» BRIEF:
No pictures belong in the copy. Reproduce exactly the lines beginning at the line containing "O site csempreendimentos.com.br é confiável?" and continuing to the end of the entries below.

» SOURCE MATERIAL:
▼

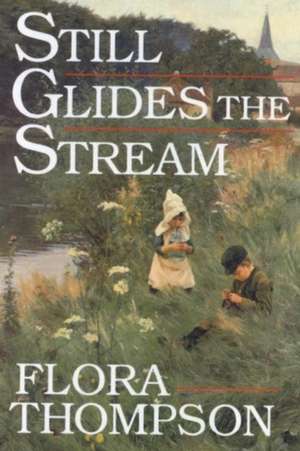 Still Glides the Stream de Flora Thompson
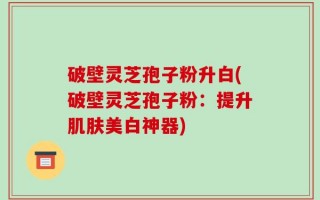 破壁灵芝孢子粉升白(破壁灵芝孢子粉：提升肌肤美白神器)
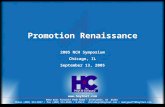 Promotion Renaissance 2005 NCH Symposium Chicago, IL September 13, 2005 8912 East Pinnacle Peak Road Scottsdale, AZ 85255 Phone (480) 513-0547 Fax (480)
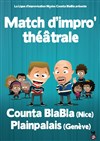 Match d'improvisation : Counta BlaBla (Nice) - Plainpalais (Genève) - Espace Association Garibaldi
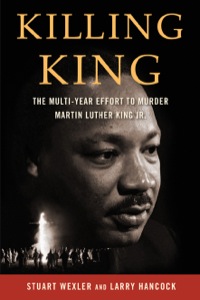 Cover image: Killing King: The Multi-Year Effort to Murder MLK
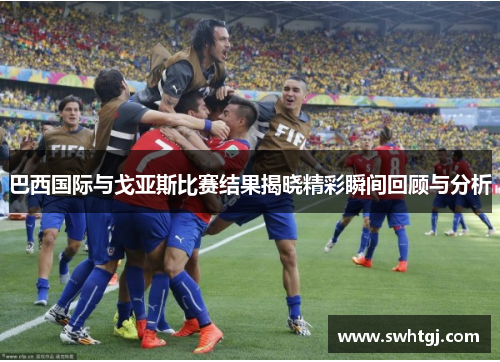 巴西国际与戈亚斯比赛结果揭晓精彩瞬间回顾与分析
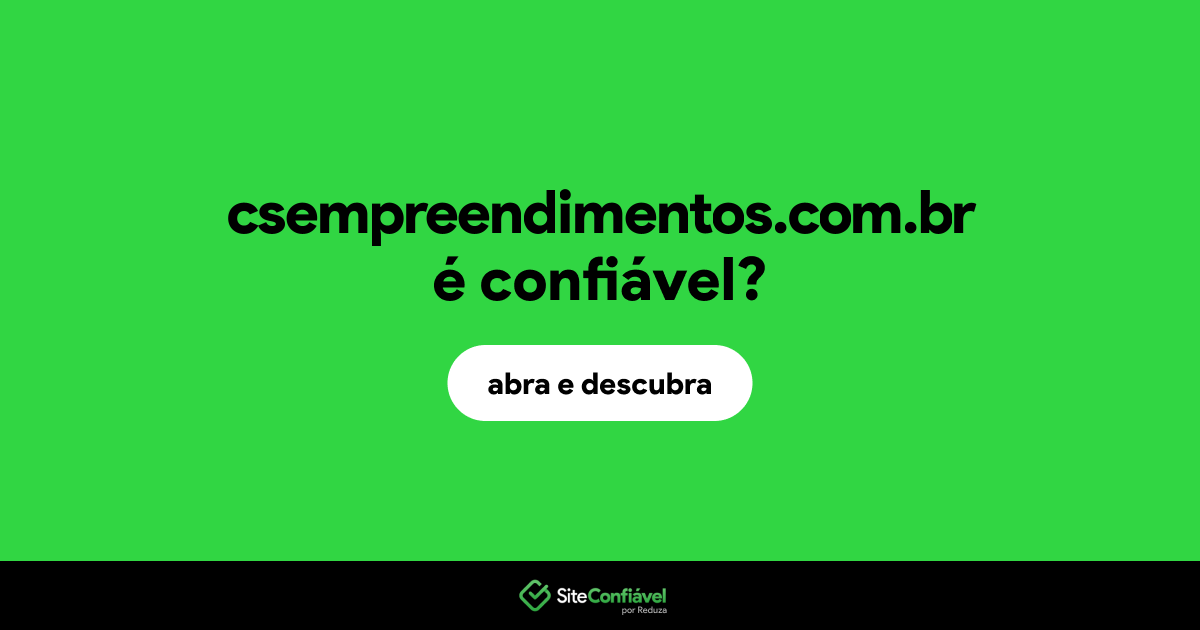O site csempreendimentos.com.br é confiável?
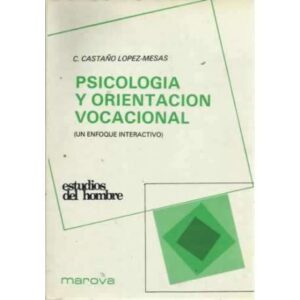 Psicología y orientación vocacional (un enfoque interactivo)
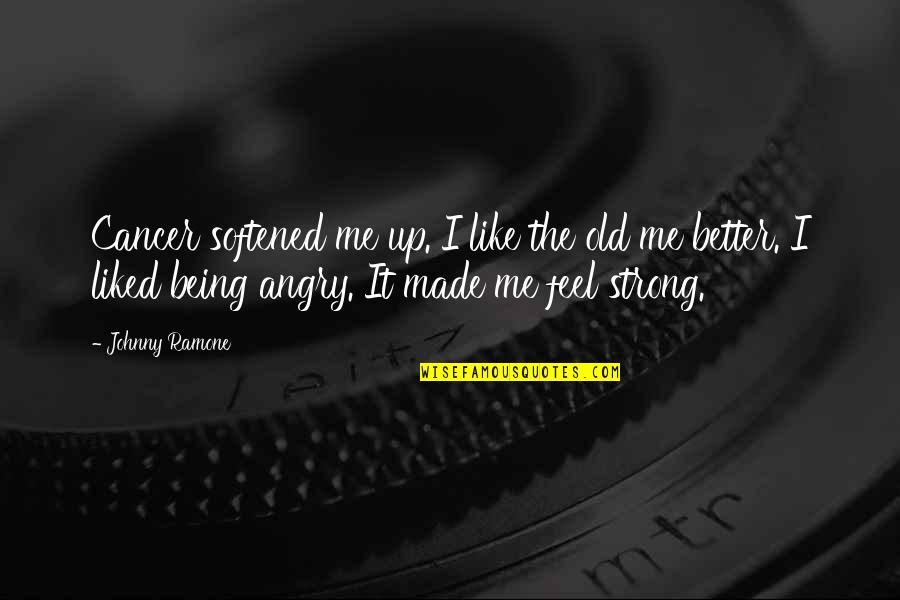 You Made Me Angry Quotes By Johnny Ramone: Cancer softened me up. I like the old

▲

» EXERCISE RESULT:
O site csempreendimentos.com.br é confiável?
 Psicología y orientación vocacional (un enfoque interactivo)
 You Made Me Angry Quotes By Johnny Ramone: Cancer softened me up. I like the old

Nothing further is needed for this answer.